RAW DATA |
• • • • • • •
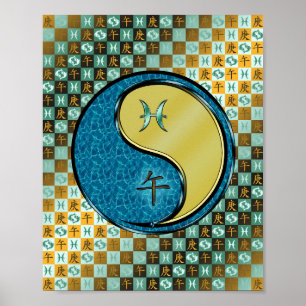 Fische und Metallpferde Poster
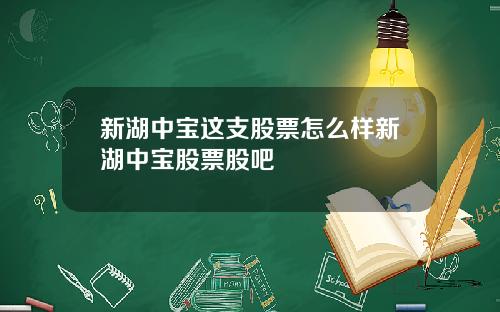 新湖中宝这支股票怎么样新湖中宝股票股吧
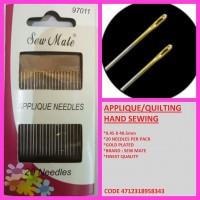 SEW MATE APPLIQUE/QUILTING HAND SEWING NEEDLES 0.45 X 40.5MM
• • • • • • •
WORK TO COMPLETE |
Give back the data exactly. Skip any images.

FINISHED TASK |
 Fische und Metallpferde Poster
 新湖中宝这支股票怎么样新湖中宝股票股吧
 SEW MATE APPLIQUE/QUILTING HAND SEWING NEEDLES 0.45 X 40.5MM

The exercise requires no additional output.